Peki, nasıl oluyor da İzmir’in ticaret hayatı, gelişimine ve kalkınmasına paralel gitmiyor? Restorandan, yabancı markalar satan butik sahibine, dekorasyon işi yapan mimarlardan her türlü mağazacılara kadar perakende ticaret hayatında faal olarak yer alan arkadaşlarımla sohbetlerimde anlatılanlar hep şöyle; “İzmir, bir türlü beyaz yakalıların şehri olamıyor.
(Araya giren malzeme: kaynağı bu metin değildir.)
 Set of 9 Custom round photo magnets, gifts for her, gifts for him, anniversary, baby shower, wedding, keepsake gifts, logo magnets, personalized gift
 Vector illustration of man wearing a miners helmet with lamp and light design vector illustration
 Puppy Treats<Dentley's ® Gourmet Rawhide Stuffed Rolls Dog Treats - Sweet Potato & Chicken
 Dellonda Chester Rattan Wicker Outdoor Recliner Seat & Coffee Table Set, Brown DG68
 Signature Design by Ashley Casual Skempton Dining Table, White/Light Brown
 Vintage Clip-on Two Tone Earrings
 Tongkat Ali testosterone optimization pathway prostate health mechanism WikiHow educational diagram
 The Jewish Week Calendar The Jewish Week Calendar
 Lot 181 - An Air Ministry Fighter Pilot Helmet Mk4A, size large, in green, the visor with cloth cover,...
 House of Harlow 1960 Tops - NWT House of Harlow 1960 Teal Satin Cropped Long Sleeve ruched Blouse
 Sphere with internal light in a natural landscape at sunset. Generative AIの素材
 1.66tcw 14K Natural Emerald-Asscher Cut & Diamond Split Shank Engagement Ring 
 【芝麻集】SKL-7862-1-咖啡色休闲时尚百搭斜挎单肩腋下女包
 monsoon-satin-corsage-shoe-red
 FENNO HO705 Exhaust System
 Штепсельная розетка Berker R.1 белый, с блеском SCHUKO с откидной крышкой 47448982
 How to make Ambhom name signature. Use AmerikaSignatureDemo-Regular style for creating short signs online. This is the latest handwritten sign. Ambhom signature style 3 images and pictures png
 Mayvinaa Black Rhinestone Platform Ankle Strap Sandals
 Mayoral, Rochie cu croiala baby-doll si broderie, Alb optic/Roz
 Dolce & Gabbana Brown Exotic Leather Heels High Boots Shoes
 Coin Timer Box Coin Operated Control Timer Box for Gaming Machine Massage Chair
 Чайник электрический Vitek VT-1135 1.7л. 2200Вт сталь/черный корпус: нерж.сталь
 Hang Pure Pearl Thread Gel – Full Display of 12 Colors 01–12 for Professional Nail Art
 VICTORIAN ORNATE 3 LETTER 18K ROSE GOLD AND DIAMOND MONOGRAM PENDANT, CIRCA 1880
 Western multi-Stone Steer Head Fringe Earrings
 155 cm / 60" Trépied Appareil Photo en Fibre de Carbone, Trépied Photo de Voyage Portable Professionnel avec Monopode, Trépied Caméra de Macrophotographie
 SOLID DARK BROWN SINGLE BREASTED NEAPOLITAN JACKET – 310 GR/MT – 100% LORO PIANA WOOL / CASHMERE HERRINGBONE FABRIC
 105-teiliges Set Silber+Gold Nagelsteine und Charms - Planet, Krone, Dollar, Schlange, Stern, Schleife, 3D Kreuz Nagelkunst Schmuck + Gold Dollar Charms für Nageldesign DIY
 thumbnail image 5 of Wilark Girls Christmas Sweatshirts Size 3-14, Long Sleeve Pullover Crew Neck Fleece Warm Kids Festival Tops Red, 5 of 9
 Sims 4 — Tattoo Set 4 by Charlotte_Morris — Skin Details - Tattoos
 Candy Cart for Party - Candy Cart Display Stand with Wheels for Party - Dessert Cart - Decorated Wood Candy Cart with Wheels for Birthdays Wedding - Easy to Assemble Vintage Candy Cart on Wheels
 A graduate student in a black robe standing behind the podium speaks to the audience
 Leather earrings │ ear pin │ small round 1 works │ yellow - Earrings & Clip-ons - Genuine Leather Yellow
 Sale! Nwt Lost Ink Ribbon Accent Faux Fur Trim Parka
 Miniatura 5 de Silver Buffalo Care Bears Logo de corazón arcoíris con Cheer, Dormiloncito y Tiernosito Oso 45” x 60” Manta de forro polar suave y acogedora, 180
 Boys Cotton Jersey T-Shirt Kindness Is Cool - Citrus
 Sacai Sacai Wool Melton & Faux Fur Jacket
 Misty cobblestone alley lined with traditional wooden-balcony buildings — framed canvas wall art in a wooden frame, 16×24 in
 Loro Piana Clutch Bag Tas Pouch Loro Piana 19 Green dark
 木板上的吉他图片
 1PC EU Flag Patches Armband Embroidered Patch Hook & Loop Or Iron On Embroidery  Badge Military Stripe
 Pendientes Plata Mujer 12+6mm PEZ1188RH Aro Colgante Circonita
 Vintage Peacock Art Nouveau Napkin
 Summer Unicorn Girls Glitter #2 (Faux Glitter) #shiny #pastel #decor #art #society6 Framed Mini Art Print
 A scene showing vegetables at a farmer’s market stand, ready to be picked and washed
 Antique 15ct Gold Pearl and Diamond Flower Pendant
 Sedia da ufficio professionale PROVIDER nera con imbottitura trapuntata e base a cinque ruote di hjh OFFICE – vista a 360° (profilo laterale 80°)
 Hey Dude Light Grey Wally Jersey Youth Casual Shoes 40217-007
Ya sayıları yeterli değil ya da gereken hayat standardına sahip olamıyorlar. Oysa bir şehrin ticari hayatının en önemli bileşeni beyaz yakalılardır. Çünkü sanayideki patronlar, o düzeydeki yöneticiler ve aileleri çok sık yurtdışı ya da İstanbul’a giderek istedikleri her şeyi oralardan alabiliyorlar. Hatta bu, çoğu zaman özellikle yapılan bir şey. Peki, şehirdeki nispeten üst ve iyi yerlerden kim alışveriş yapacak? Tabii ki beyaz yakalılar ya da üst orta sınıfa dahil diğer meslek grupları... Ama onların çoğu da kolejde çocuklarını okutmak pahasına birçok şeyden kıstıkları için ekonomik döngünün ana maddelerinden olan tüketimlerini azaltıyorlar. Kiralar zaten İstanbul ile yarışıyor. Hal böyle olunca, perakende ticaret hayatı aynı oranda gelişemiyor.”
Ne dersiniz, üzerinde düşünülmeye değer, değil mi?